I'd also like to renew my call for introductions via email. Some great people responded to the last summons -- it appears the rest of you just need some prodding. I love knowing who's coming by, so feel free to let me in on your blog trolling tendencies: ksteadmanATgmailDOTcom. (Especially you women folk -- I haven't had a single girl email me! What's the deal ladies?)
Hey folks. As you know, or at least would know if you'd been paying attention, Kate's gonna be laid out this week with a truly nasty knee surgery.

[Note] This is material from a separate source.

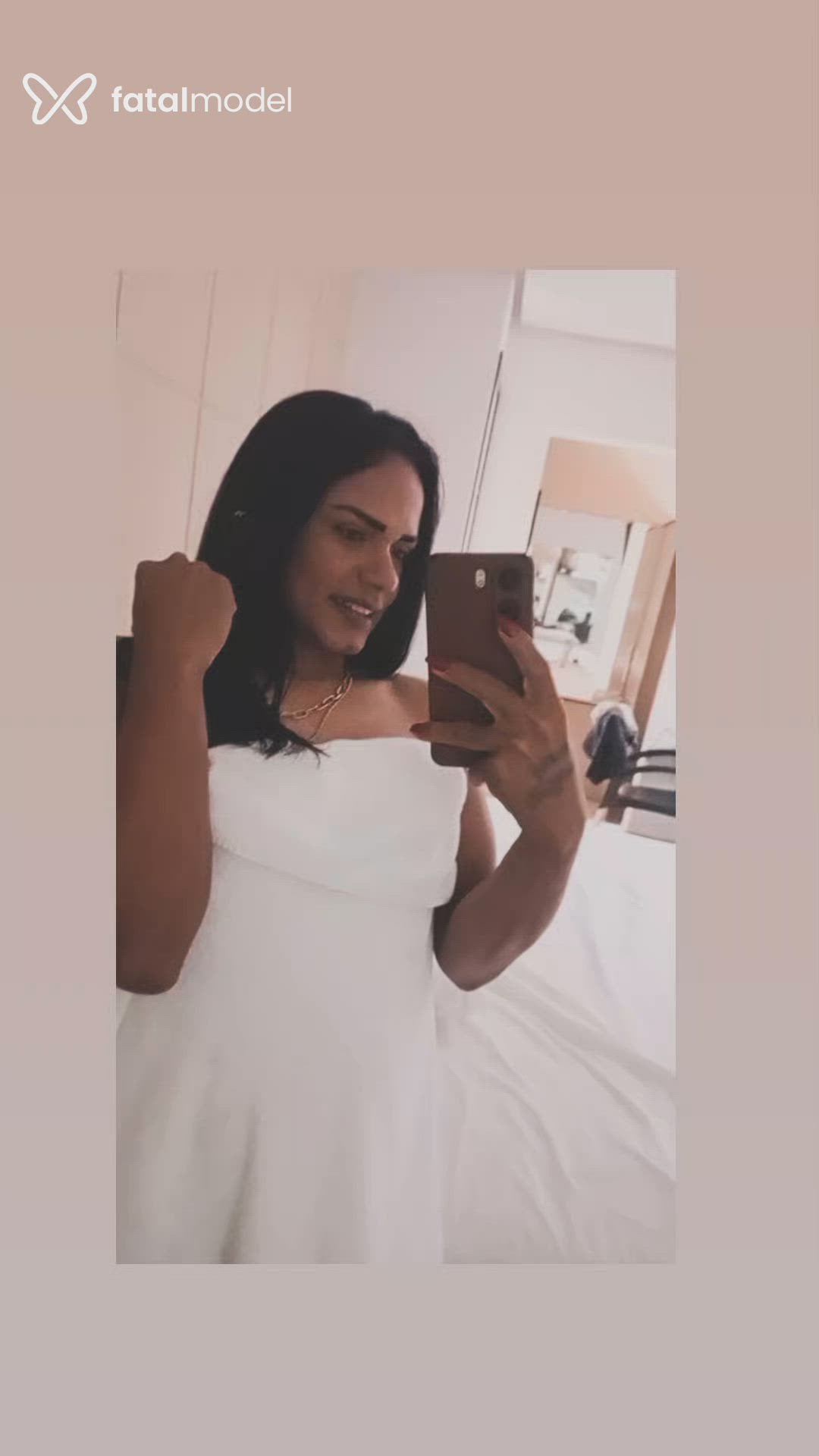 Acompanhante mulher trans morena (o) de olhos castanhos - Brunna brunnê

That's not to say there are many kind and gentle moments under the scalpel, but she's having no fun. I promised her I'd provide content while she enjoyed the fine hospital hospitality -- but I'm going to aim for a bit more than that. During the next three days, I'm going to conduct a bit of a fundraiser over here. The way it'll work is simple: I'll keep bugging you for money, and, at the end, assuming you've donated some of it, it'll purchase a nice Amazon gift certificate to carry Kate through her recuperation. She's got three total months of recovery and at least a little while of effective immobility to look forward to -- and how much awesomer do you think those months will be if she can buy herself all manner of books, dvds, and music? And how terrific will you feel for being a part of it?
Yeah, that's right.
So I've tacked a PayPal button below -- use it. If there's demand for an Amazon tip system, I'll start one of those accounts, too. In the meantime, I'll also put up some actual content, in addition to increasingly plaintive pleas to help the cause. Cause Kate. And c'mon, look at that face, how could you not want to help!?
Unless you're a bad person. In which case it all makes sense now. But you're not a bad person, are you?